» **What you should do**: Every line in the records below between the one holding "Let me show" and the one holding "Now you can", inclusive, is to be set down exactly; all other lines are to be left out.

Stored items

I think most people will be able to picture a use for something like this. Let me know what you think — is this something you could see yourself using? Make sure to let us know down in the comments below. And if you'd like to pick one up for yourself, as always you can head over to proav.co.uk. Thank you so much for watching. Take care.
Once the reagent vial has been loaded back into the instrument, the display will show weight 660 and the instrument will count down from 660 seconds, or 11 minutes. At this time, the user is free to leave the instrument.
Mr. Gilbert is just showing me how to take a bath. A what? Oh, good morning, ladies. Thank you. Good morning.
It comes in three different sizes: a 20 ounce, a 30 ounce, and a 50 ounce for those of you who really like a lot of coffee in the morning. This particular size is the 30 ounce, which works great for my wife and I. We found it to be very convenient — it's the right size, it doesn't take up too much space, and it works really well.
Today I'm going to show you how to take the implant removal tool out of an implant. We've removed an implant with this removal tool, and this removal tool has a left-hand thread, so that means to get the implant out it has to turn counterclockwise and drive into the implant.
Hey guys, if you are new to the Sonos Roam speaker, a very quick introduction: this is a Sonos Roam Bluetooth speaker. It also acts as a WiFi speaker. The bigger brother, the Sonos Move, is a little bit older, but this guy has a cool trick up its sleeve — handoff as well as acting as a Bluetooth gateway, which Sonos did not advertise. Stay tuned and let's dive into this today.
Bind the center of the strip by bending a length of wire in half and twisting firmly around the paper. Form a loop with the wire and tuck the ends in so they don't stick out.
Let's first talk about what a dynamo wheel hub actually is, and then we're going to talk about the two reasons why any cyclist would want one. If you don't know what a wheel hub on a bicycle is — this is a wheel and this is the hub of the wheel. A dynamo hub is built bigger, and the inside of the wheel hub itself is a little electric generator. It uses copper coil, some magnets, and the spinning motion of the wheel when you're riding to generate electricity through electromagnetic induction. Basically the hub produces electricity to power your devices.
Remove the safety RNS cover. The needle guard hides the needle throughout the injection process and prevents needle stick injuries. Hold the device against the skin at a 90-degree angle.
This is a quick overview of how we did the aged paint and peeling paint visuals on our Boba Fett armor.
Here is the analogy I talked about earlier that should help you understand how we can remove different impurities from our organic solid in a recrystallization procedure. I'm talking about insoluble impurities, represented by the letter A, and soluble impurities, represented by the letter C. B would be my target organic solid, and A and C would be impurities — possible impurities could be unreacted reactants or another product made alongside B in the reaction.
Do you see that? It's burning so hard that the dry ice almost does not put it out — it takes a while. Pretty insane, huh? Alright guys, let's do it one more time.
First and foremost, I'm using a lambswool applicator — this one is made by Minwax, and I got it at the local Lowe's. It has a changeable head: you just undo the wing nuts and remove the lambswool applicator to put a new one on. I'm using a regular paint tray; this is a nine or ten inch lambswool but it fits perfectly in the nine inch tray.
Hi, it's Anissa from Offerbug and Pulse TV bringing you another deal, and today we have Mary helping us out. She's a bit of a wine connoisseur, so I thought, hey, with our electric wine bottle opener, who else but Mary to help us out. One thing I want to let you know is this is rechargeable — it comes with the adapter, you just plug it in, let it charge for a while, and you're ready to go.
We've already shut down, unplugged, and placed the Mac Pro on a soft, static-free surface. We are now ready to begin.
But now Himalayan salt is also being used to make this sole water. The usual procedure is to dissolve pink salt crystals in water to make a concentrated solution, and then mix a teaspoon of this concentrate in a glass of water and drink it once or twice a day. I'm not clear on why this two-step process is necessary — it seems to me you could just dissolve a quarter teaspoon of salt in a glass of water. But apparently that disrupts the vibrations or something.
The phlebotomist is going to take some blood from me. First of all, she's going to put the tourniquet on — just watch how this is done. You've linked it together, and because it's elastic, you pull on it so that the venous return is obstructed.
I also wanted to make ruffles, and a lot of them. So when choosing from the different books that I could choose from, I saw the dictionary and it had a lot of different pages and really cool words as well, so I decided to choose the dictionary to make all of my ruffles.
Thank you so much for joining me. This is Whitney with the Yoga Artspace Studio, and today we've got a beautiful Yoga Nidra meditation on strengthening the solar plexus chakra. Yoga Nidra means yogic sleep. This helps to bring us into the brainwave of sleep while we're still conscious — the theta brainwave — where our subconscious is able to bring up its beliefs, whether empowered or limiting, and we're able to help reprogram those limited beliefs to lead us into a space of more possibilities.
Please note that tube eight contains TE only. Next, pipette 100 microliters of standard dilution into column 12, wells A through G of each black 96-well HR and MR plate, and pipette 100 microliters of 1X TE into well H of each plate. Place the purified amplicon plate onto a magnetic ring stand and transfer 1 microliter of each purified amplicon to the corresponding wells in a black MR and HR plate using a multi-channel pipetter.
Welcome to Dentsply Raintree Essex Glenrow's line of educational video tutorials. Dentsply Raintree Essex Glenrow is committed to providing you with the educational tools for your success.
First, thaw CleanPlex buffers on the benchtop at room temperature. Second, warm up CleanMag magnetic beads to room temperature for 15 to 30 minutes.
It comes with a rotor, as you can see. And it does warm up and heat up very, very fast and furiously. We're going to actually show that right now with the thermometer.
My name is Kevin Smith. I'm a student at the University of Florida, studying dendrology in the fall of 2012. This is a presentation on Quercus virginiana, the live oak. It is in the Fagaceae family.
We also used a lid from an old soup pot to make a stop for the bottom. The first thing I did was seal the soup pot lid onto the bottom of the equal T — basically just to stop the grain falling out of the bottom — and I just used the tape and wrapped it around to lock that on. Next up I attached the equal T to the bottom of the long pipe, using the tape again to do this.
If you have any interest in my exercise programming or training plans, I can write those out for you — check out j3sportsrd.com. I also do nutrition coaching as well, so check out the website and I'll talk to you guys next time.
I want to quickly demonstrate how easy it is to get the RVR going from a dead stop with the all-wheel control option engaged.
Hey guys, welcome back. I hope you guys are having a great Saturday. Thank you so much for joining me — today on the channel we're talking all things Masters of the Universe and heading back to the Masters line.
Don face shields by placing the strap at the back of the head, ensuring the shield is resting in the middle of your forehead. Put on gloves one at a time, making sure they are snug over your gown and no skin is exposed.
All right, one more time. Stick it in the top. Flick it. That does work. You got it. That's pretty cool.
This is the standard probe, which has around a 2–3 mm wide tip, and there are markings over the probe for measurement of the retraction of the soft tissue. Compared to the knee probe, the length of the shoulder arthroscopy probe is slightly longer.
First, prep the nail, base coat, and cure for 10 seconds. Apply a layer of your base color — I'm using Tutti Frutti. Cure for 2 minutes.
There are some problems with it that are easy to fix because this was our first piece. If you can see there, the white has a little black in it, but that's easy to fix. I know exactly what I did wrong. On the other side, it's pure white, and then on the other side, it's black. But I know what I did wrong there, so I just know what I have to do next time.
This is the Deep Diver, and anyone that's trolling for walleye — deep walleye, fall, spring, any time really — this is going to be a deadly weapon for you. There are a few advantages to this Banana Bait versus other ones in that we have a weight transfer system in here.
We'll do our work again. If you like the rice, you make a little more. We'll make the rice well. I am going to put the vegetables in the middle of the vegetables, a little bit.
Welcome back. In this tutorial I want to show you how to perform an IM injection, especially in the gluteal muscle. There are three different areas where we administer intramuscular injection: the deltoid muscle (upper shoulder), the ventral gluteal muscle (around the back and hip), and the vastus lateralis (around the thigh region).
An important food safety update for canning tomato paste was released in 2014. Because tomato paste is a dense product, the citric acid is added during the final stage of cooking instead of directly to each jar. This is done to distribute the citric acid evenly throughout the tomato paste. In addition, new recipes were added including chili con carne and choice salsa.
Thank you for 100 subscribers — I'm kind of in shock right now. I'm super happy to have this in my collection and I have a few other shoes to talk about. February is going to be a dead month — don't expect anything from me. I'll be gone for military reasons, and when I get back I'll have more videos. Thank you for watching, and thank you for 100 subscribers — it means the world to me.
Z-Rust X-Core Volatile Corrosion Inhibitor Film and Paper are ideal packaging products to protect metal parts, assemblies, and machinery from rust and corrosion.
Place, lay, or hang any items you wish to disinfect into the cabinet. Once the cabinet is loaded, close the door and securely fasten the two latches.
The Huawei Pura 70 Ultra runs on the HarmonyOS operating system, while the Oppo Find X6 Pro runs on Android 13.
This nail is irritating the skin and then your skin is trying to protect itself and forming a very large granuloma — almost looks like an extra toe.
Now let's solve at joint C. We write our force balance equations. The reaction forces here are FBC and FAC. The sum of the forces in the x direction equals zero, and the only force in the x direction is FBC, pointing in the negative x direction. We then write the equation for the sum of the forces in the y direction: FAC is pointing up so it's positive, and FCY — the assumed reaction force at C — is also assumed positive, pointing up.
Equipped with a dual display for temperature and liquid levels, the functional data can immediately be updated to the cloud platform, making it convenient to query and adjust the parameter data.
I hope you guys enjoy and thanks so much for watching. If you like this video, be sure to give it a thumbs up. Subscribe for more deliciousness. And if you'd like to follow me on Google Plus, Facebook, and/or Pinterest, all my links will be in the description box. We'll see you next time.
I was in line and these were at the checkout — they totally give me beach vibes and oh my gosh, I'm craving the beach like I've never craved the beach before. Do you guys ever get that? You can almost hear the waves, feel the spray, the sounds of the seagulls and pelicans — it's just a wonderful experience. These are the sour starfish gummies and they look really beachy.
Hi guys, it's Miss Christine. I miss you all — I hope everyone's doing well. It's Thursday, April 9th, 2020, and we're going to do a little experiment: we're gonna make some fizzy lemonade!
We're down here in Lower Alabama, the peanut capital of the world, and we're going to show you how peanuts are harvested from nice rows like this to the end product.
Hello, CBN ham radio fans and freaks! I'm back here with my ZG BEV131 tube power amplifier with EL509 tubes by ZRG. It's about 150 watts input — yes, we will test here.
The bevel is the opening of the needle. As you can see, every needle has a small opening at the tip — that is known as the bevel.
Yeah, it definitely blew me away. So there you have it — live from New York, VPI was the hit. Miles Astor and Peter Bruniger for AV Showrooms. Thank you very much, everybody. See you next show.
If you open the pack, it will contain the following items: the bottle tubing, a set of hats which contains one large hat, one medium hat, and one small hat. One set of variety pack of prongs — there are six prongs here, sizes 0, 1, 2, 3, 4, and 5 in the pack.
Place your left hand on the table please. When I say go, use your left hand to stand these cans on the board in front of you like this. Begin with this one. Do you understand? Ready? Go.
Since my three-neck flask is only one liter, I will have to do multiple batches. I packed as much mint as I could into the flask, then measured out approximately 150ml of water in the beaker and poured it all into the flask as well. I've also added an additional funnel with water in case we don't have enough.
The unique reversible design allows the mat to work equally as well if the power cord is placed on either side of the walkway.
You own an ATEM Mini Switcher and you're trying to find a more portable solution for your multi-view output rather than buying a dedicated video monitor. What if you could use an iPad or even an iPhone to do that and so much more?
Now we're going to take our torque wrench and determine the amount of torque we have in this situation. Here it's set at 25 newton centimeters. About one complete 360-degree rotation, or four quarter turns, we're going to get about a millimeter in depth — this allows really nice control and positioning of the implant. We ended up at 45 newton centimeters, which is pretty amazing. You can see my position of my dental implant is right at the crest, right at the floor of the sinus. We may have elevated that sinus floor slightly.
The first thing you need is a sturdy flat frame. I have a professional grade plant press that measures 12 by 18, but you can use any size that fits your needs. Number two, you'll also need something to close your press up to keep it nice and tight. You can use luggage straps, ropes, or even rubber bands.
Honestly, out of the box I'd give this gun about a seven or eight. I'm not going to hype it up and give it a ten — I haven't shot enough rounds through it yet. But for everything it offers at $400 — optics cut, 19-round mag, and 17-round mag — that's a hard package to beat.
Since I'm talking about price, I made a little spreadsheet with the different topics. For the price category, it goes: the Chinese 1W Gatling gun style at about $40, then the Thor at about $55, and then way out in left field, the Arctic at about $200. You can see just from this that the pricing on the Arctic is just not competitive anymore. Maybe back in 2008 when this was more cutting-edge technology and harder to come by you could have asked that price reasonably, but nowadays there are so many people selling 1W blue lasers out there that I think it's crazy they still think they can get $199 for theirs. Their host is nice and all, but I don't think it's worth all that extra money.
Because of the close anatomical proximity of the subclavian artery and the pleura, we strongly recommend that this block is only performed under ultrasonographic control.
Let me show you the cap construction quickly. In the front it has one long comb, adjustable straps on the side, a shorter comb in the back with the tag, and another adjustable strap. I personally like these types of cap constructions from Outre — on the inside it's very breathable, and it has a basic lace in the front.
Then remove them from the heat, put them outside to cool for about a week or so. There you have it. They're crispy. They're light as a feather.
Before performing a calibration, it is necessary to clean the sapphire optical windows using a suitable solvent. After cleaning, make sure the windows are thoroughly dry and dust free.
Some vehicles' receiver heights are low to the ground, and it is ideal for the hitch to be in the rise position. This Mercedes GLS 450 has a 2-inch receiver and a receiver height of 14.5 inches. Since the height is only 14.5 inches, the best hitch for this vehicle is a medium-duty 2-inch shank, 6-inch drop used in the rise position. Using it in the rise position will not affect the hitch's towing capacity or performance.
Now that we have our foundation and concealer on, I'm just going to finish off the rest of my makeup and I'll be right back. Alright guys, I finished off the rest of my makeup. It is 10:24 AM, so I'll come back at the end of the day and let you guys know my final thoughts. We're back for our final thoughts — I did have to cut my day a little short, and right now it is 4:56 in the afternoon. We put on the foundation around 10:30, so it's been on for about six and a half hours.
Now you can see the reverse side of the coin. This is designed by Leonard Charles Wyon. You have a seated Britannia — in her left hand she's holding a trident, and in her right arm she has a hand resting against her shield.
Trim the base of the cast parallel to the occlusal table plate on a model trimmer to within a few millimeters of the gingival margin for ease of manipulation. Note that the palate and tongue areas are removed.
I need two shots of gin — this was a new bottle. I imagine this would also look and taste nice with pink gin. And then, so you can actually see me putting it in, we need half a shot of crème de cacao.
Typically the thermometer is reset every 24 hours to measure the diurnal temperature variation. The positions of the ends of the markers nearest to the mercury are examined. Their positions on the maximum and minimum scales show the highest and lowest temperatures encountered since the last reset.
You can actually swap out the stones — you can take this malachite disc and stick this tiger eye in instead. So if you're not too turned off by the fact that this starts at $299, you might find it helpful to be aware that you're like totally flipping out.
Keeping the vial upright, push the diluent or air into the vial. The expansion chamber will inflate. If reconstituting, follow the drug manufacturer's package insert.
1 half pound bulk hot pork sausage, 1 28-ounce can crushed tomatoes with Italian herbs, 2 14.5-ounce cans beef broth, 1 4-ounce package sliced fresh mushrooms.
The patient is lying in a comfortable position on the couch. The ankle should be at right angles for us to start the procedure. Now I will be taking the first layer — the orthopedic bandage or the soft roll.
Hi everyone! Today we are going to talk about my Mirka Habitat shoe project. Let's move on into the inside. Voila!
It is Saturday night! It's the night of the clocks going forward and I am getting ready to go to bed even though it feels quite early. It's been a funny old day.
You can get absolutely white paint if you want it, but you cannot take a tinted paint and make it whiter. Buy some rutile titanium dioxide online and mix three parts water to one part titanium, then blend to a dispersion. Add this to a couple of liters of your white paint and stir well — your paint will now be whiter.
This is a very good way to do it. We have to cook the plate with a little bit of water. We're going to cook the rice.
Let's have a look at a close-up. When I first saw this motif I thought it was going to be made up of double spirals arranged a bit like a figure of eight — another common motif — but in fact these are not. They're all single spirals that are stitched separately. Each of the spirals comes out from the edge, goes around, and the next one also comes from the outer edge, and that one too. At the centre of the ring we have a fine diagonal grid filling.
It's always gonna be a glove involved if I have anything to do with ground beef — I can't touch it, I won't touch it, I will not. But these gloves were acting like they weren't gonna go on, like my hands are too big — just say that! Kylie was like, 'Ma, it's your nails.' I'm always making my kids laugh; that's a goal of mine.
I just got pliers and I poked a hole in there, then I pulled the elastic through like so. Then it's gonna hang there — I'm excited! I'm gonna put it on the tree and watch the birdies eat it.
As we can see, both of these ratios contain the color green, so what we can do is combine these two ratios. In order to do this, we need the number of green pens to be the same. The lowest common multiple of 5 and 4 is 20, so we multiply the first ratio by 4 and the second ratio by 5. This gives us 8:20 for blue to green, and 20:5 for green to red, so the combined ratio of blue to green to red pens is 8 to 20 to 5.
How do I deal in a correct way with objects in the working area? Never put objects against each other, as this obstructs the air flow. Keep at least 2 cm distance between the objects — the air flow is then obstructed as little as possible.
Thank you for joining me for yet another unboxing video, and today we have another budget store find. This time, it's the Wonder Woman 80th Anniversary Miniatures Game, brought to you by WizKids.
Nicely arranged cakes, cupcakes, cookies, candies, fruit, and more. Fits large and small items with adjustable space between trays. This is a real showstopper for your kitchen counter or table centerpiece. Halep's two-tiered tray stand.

» **Answer to this problem**:
Let me show you the cap construction quickly. In the front it has one long comb, adjustable straps on the side, a shorter comb in the back with the tag, and another adjustable strap. I personally like these types of cap constructions from Outre — on the inside it's very breathable, and it has a basic lace in the front.
Then remove them from the heat, put them outside to cool for about a week or so. There you have it. They're crispy. They're light as a feather.
Before performing a calibration, it is necessary to clean the sapphire optical windows using a suitable solvent. After cleaning, make sure the windows are thoroughly dry and dust free.
Some vehicles' receiver heights are low to the ground, and it is ideal for the hitch to be in the rise position. This Mercedes GLS 450 has a 2-inch receiver and a receiver height of 14.5 inches. Since the height is only 14.5 inches, the best hitch for this vehicle is a medium-duty 2-inch shank, 6-inch drop used in the rise position. Using it in the rise position will not affect the hitch's towing capacity or performance.
Now that we have our foundation and concealer on, I'm just going to finish off the rest of my makeup and I'll be right back. Alright guys, I finished off the rest of my makeup. It is 10:24 AM, so I'll come back at the end of the day and let you guys know my final thoughts. We're back for our final thoughts — I did have to cut my day a little short, and right now it is 4:56 in the afternoon. We put on the foundation around 10:30, so it's been on for about six and a half hours.
Now you can see the reverse side of the coin. This is designed by Leonard Charles Wyon. You have a seated Britannia — in her left hand she's holding a trident, and in her right arm she has a hand resting against her shield.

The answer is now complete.